On Monday, June 3, 2019 at 12:15:28 PM UTC-5, Samuel Lelievre wrote: 
...

Would it make sense to mitigate this frequent source of problems
for Sage users by detecting the presence of Anaconda and issuing
a helpful message indicating Anaconda was detected and it being
in the PATH is likely to prevent sage from running or from building,
and offering hints on how to undo Anaconda's PATH-tweaking?

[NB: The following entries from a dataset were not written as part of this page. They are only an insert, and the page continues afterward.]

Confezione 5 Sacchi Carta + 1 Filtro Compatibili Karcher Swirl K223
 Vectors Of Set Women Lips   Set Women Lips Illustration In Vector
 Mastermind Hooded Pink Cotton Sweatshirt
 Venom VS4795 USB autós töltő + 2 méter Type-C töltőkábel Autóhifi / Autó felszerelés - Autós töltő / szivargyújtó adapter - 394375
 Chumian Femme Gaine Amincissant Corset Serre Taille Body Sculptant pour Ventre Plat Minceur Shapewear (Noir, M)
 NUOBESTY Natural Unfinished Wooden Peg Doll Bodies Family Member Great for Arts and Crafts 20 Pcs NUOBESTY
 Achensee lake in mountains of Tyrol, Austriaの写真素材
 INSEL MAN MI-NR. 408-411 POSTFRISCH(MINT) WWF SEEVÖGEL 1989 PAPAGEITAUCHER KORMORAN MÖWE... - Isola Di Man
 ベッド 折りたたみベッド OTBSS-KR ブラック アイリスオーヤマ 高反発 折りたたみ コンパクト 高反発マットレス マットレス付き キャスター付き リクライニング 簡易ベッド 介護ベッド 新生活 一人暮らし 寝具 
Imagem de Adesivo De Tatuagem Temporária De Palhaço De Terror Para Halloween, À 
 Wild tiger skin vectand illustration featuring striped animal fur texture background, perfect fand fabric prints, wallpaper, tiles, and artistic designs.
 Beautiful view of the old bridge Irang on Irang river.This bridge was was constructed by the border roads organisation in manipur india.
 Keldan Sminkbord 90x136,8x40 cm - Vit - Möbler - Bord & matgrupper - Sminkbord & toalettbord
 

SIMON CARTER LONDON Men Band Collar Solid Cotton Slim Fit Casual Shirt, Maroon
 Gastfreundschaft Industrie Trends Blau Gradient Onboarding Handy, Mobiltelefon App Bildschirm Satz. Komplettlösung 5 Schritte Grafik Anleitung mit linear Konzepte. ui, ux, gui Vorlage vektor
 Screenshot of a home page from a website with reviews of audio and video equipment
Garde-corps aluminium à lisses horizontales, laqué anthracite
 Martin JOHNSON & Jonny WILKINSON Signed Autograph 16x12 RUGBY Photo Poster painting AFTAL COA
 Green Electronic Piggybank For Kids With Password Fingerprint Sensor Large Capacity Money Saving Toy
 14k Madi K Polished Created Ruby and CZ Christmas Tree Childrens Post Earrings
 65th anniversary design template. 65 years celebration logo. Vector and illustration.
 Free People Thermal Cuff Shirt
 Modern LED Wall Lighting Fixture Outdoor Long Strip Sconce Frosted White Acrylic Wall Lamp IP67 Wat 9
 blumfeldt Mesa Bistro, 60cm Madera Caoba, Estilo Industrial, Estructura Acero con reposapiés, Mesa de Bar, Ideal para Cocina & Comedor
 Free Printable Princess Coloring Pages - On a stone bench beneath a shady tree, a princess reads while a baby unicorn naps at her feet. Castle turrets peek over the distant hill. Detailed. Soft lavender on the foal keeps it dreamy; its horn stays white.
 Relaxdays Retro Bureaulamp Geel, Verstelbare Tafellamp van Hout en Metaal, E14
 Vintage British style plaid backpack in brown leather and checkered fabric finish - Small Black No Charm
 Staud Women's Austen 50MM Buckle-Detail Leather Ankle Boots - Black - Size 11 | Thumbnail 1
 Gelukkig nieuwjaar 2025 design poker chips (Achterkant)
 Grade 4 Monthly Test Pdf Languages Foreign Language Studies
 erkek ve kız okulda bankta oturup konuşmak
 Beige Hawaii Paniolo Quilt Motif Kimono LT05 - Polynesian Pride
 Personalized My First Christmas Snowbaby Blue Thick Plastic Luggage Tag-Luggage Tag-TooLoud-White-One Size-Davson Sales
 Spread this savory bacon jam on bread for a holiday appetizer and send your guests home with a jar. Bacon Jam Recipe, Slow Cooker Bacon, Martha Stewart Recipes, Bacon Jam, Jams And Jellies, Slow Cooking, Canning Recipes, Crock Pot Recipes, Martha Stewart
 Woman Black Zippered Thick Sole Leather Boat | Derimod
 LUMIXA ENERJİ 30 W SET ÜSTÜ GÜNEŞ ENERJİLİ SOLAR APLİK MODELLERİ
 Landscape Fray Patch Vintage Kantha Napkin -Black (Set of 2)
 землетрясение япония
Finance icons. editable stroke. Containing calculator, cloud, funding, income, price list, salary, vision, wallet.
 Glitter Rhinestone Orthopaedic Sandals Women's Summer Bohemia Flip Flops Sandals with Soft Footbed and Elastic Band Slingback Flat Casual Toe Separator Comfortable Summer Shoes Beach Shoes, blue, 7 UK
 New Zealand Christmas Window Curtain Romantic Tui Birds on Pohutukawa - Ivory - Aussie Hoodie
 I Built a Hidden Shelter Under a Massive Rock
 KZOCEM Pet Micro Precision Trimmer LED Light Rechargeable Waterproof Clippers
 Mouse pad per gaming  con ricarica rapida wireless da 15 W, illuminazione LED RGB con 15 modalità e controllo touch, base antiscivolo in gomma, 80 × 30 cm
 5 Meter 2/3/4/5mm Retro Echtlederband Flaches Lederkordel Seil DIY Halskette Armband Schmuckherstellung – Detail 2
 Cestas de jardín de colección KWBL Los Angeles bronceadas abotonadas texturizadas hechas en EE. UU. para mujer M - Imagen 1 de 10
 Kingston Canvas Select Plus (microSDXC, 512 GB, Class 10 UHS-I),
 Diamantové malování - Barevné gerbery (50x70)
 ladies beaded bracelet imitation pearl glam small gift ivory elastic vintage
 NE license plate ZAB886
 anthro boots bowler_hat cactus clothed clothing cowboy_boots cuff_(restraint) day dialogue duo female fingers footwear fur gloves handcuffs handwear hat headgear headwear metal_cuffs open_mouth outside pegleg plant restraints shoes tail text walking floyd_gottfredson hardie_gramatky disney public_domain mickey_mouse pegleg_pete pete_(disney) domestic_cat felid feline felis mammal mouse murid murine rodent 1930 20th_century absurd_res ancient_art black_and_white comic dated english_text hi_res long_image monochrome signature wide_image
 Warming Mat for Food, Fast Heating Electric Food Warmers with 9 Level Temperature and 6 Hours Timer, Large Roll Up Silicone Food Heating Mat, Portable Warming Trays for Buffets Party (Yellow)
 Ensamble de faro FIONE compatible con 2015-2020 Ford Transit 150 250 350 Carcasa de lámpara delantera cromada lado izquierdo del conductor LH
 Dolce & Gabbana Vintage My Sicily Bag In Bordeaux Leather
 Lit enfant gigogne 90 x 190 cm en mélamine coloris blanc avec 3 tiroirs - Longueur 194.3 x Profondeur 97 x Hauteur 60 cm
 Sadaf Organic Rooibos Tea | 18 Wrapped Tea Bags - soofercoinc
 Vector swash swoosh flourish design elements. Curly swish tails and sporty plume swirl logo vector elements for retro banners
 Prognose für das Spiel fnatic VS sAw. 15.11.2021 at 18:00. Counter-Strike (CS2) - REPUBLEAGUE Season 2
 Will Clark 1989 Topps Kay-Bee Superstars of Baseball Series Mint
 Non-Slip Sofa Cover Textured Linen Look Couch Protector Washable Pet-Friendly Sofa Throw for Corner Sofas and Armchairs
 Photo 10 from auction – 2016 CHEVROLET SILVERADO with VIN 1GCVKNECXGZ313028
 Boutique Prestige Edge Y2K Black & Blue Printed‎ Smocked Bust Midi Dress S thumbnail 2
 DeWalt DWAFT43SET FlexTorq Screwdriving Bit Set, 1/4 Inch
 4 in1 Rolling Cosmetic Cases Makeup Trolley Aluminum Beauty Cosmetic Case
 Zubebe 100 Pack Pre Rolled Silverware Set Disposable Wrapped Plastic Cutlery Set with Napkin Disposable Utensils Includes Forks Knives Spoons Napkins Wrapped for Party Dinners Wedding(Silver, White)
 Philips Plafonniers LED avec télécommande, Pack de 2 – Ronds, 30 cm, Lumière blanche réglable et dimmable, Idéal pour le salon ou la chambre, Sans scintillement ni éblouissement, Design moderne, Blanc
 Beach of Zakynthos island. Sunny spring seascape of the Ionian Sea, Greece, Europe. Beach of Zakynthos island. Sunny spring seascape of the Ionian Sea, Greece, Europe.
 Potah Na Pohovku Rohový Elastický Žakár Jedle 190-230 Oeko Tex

I opened a ticket for that but I'm not sure how that would go exactly:

- Sage Trac ticket 27699: Detect Anaconda
  https://trac.sagemath.org/ticket/27699

The real problem here is not anaconda, per se, but some code in the Sage build script that tests for a current version of libcurl. The version here is 7.60.0, but somehow it fails the test for version >= 7.22.0:

[r-3.6.0] checking for curl-config... /Users/Emily/anaconda3/bin/curl-config
[r-3.6.0] checking libcurl version ... 7.60.0
[r-3.6.0] checking curl/curl.h usability... yes
[r-3.6.0] checking curl/curl.h presence... yes
[r-3.6.0] checking for curl/curl.h... yes
[r-3.6.0] checking if libcurl is version 7 and >= 7.22.0... no
[r-3.6.0] configure: error: libcurl >= 7.22.0 library and headers are required
[r-3.6.0] Error configuring R.

I don't know if this is easy to fix, or if the code is somehow automatically generated. In an earlier post, I noted that:
This only became a problem with  sage-8.8.beta1 and sage-8.8.beta2. I had earlier compiled sage-8.8.beta0 with no problems despite having anaconda installed.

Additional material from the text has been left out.